Below are some records. Output the lines from the first one through the line that holds "It is at the", exactly as written, with no pictures.
-*-*-
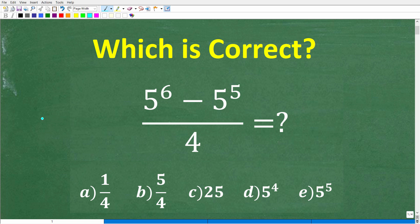So depending on your math skills, this could be a very easy problem to solve without a calculator. Let's go and take a look at the problem. We have 5 to the 6th power minus 5 to the 5th power, all this divided by 4.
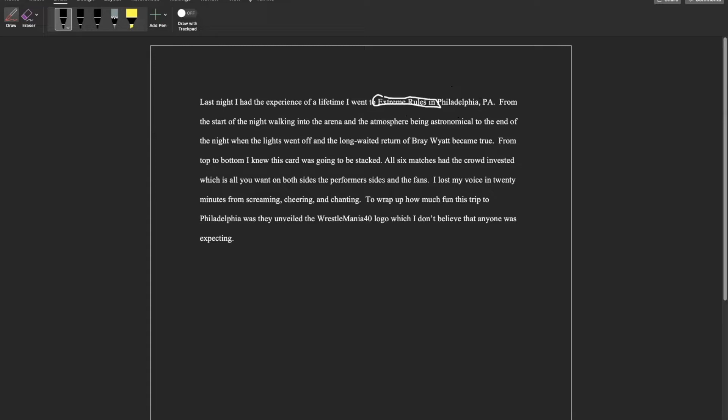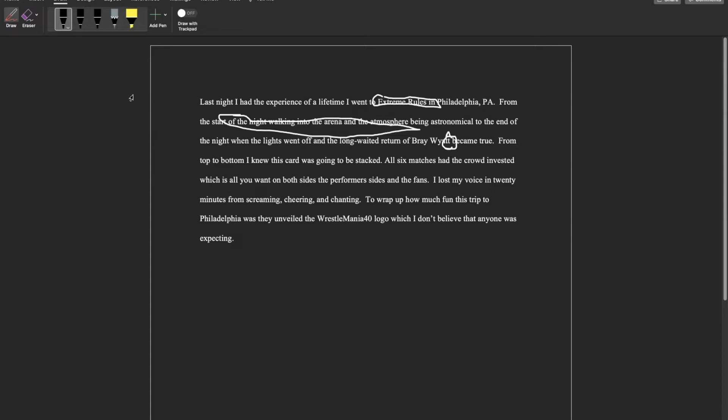Another emphasis I want to make is how the energy was from the start of the night walking in and then leaving the arena. I want to make sure that I emphasize the return of Bray Wyatt and it actually being a thing, from the top to the bottom of the card.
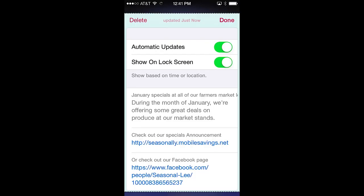You can delete the pass by pressing delete and confirming that you want to delete the pass. The pass update status is shown at the center top. To manually update the pass, simply swipe the pass downward and release, and updates will be loaded into the pass.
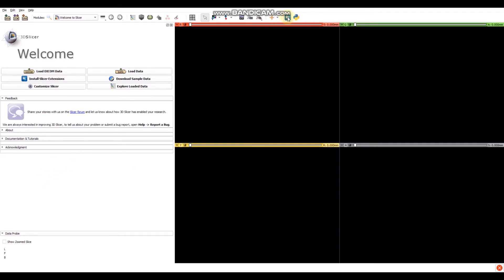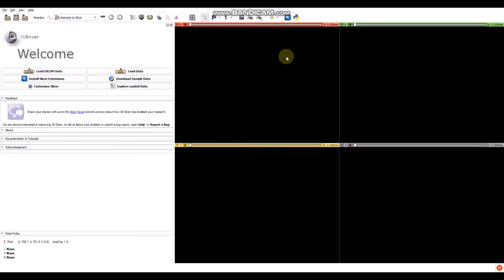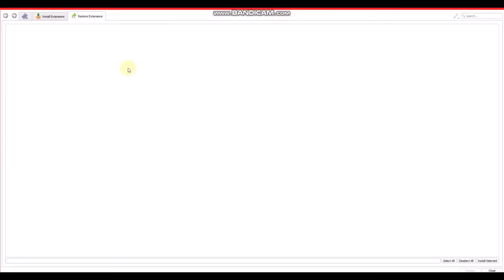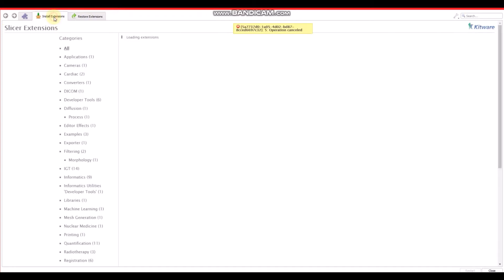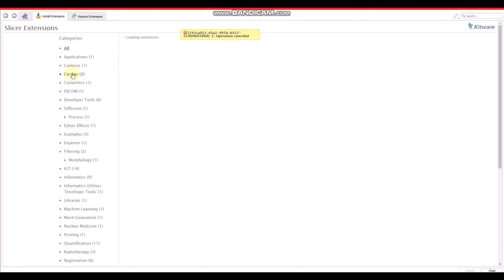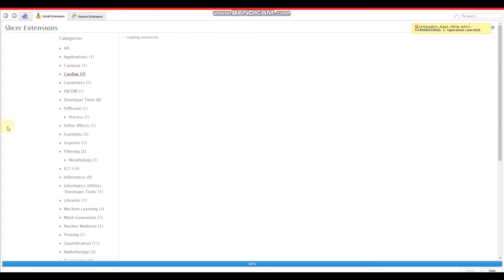It is at the top of the slicer — it is the blue icon here, so click on it. We have to wait for it to open. We will see this window. We have to look for the cardiac section.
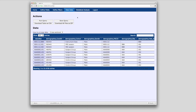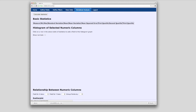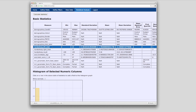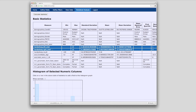Basic statistical tools are also available for simple analyses and data quality checking. Min, max, standard deviation, and other calculations are shown. Histograms can also be generated on any numerical column of choice.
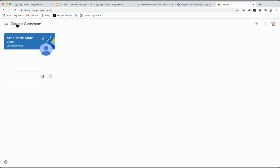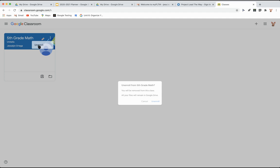First of all, go to all your classes. You might have one, you might have more than one. Go ahead and click these three little dots here and click unenroll.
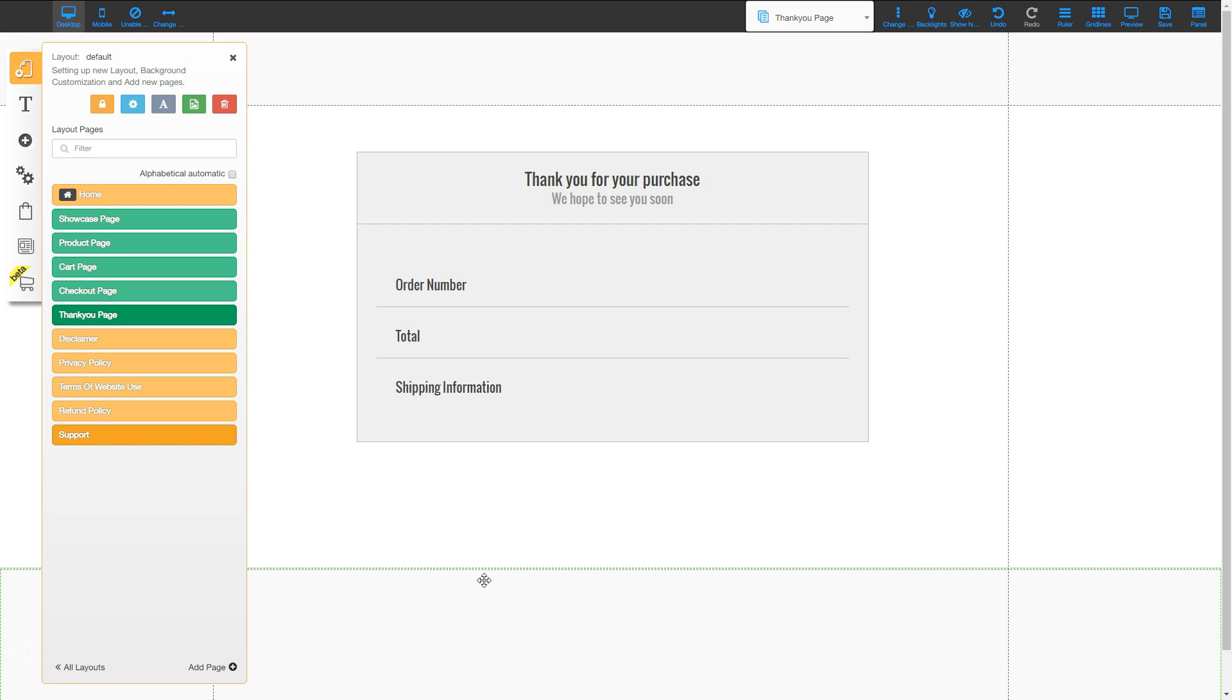So all of this is added by the system in the background after you choose to add to your store. So that's how you add the ecommerce platform into your website. I'll see you in the next video.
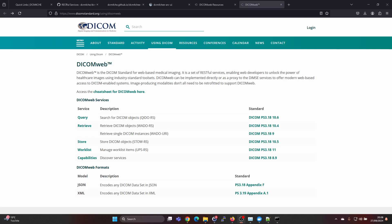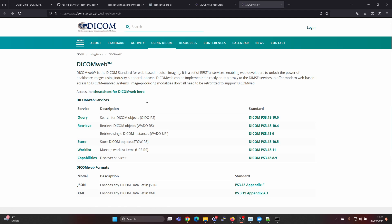Hey guys, in this quick tutorial of DicomWeb I'm going to show you how you can use the DicomWeb interface with Postman.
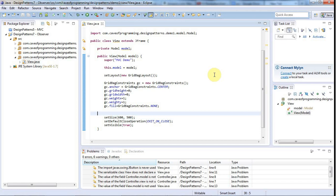Hello, this is John from caveofprogramming.com. In this tutorial we're going to look at an example of using the observer pattern, and we're going to go on in the next tutorial to implementing everything ourselves, but we're just going to use a kind of pre-made class in this tutorial.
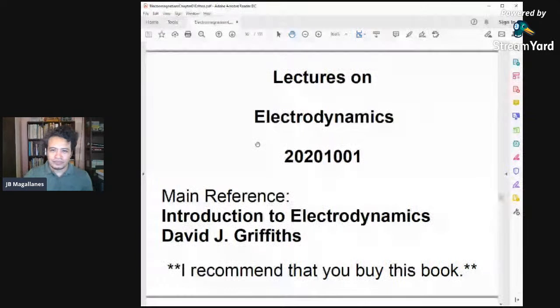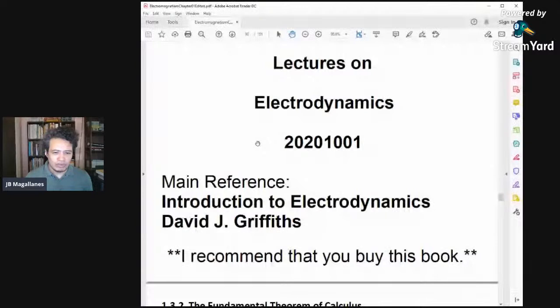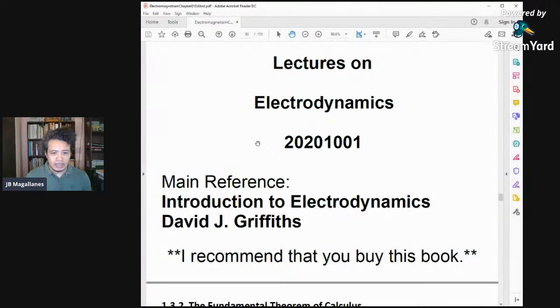So I will not review any more of the previous lecture but we start immediately with this lecture. Our main reference for this lecture is Introduction to Electrodynamics by David J. Griffiths.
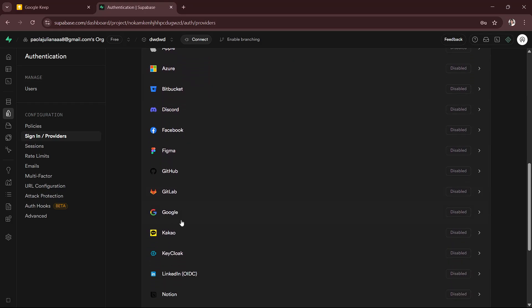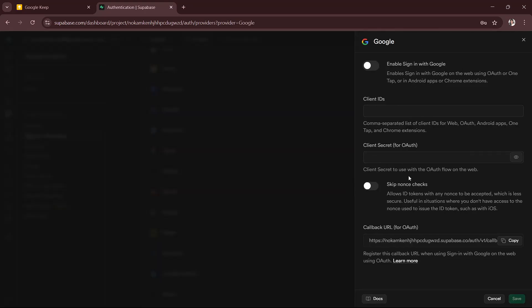Then just click on this enable or disable option, and then what you will have to do is turn on Google authentication. To complete the setup you will need a Google client ID and secret.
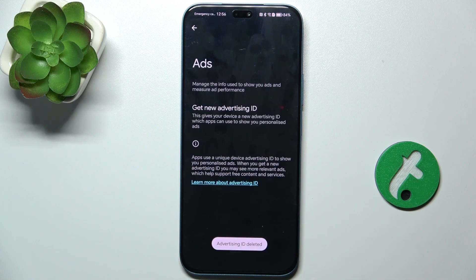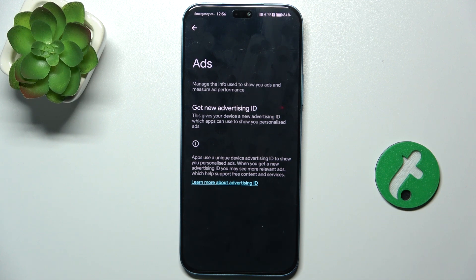Now their ads will be less relevant but will not track your searches.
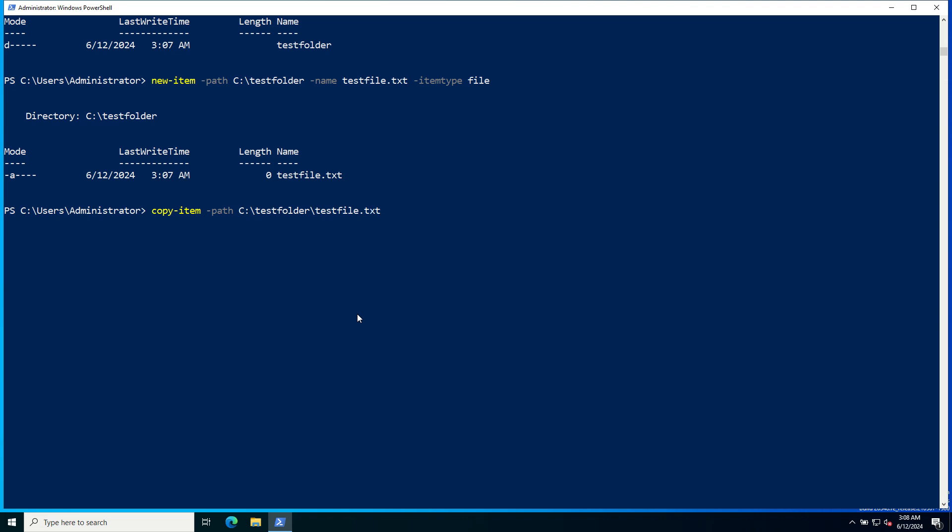TestFolder slash filename testfile.txt, and provide the destination TestFolder, and provide the new file name. The file has been copied.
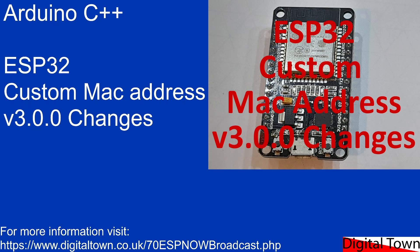Welcome to yet another video on the ESP32 and some of the issues I'm finding as the ESP32 board manager has upgraded to version 3.0.0, although actually the latest version is now 3.0.1, so obviously they are making some fixes in the system already.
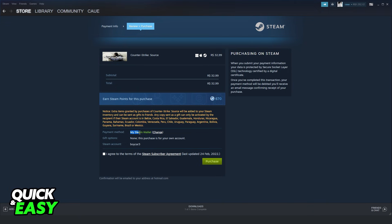Select my Steam wallet, mark this option, and click purchase to purchase the game with your gift card.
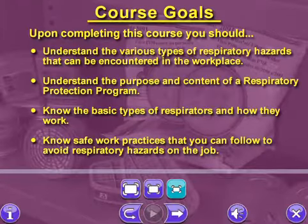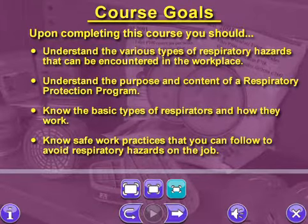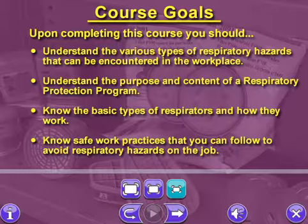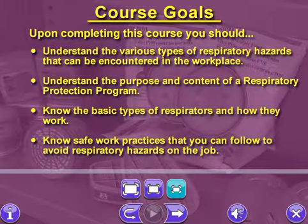Upon completing this course, you should: understand the various types of respiratory hazards that can be encountered in the workplace; understand the purpose and content of a respiratory protection program; know the basic types of respirators and how they work; and know safe work practices that you can follow to avoid respiratory hazards on the job.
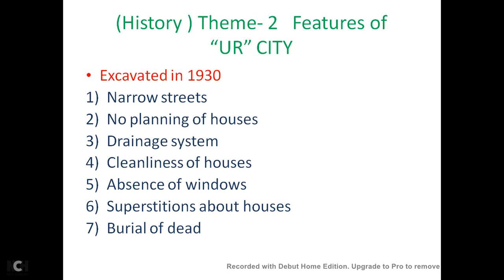Narrow winding streets and the irregular shapes of houses also indicate the absence of town planning. There was no planning of the houses, as we see in Mohenjo-daro. In Mohenjo-daro, it was a planned city. But this Ur City was an unplanned city.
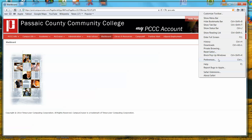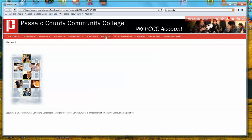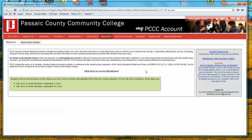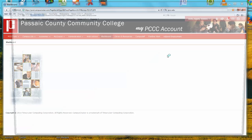You'll notice now that I have deselected the block pop-up windows setting. And at this point, I will be able to go back to the click here to access Blackboard link. I will click the link and you will notice that at this point, Blackboard will open.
-*-*-
- [YOUR SOLUTION]:
So depending on your math skills, this could be a very easy problem to solve without a calculator. Let's go and take a look at the problem. We have 5 to the 6th power minus 5 to the 5th power, all this divided by 4.
Another emphasis I want to make is how the energy was from the start of the night walking in and then leaving the arena. I want to make sure that I emphasize the return of Bray Wyatt and it actually being a thing, from the top to the bottom of the card.
You can delete the pass by pressing delete and confirming that you want to delete the pass. The pass update status is shown at the center top. To manually update the pass, simply swipe the pass downward and release, and updates will be loaded into the pass.
It is at the top of the slicer — it is the blue icon here, so click on it. We have to wait for it to open. We will see this window. We have to look for the cardiac section.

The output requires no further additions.